Punjab United Gravesend host grassroots Diversity Football Festival tournament
Four non-league teams competed in a preseason tournament celebrating South Asian British diversity in the beautiful game. Organised by the BAME Football Forum (BFF), the festival showcased four prominent grassroots teams with South Asian heritage, including Punjab United Gravesend, Sporting Bengal United, Leicester Nirvana, and Sporting Khalsa.
Khalsa, the festival’s winners, made headlines this year as the FA’s non-league restructuring promoted the club to Step 4, the Northern Premier League. Founded by Punjabi Sikhs in 1991, the club celebrate their 30th birthday this year, crowned by a 3-1 victory over Leicester Nirvana to triumph in the Diversity Football Festival.
In truth, besides competing and warming up for the season ahead, the tournament’s main aim was recognising an underappreciated aspect of English football. The traditional Indian drumming group Kings of Dhol opened the event, and notable Sikh MP Tan Dhesi also featured. Such BAME activism follows the BFF’s four goals of Empowering, Representation, Diversity, and Inclusion, in the face of racism in football on and off the pitch.
Racism towards Swansea City’s Yan Dhanda, a footballer with Punjabi heritage, catalysed much of the sport’s anti-racism work in the last year.
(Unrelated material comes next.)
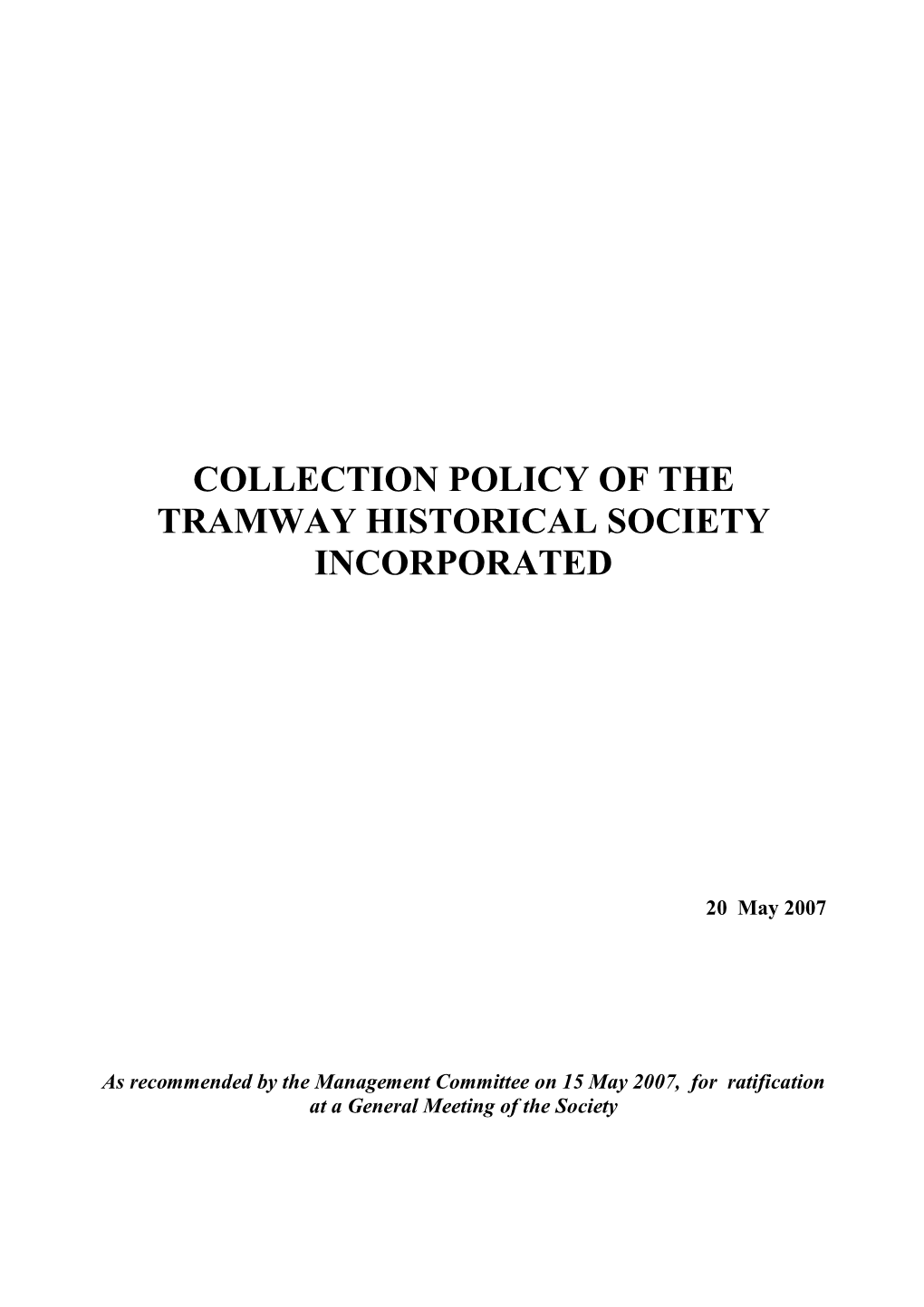Collection Policy of the Tramway Historical Society Incorporated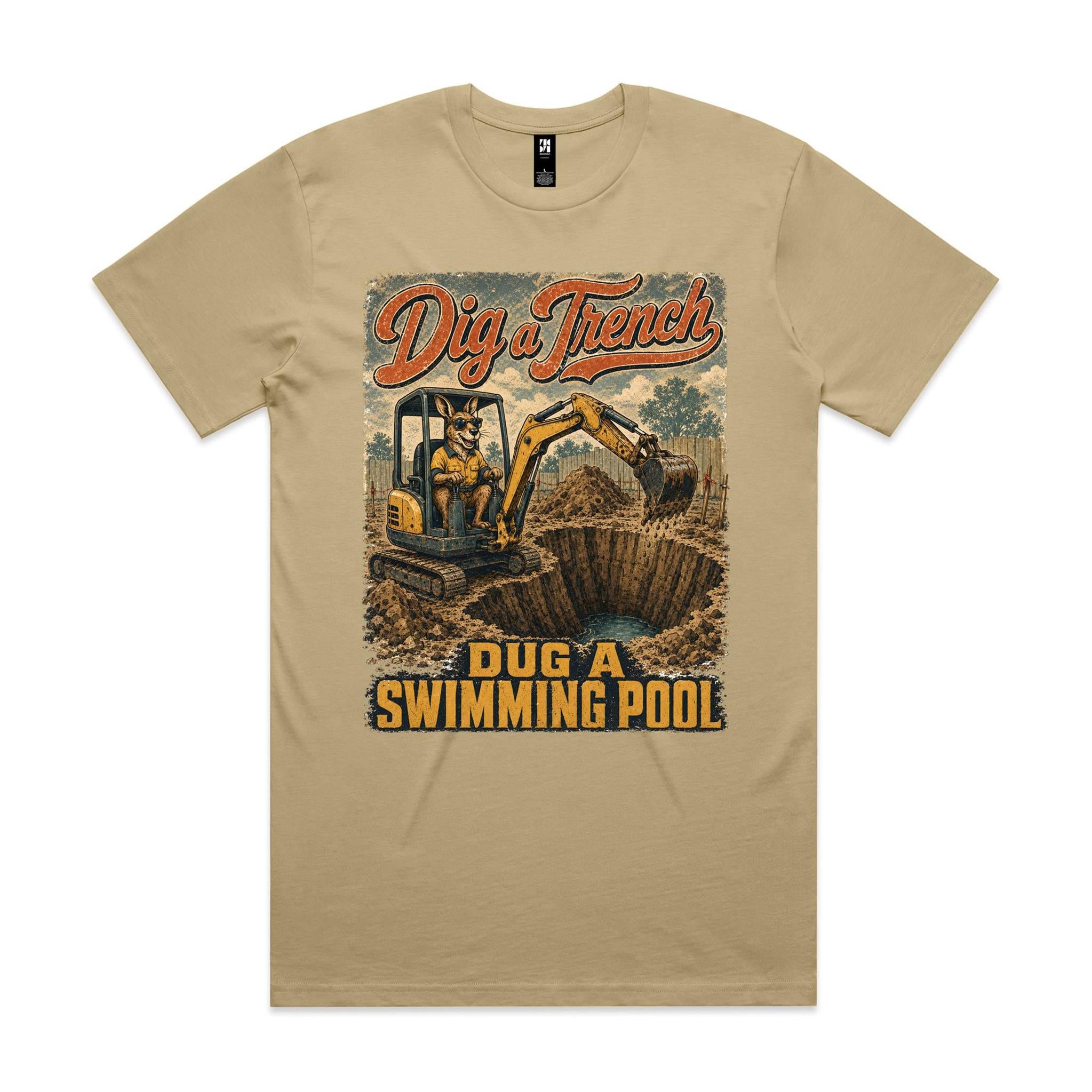 Dig a Trench — Dug a Swimming Pool | Kangaroo Plant Operator Tee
Dhanda’s club ranked among the first to implement social media boycotts, and the player now supports the Kick It Out organisation as a member of the advisory board.
While the BFF achieved their goal of celebrating diversity with an enjoyable and successful festival, work remains to be done to support BAME players from social media platforms, to pitches, to boardrooms. Hopefully, success stories like Sporting Khalsa’s, and the productive multi-culturalism displayed by the England international team, can lead the way.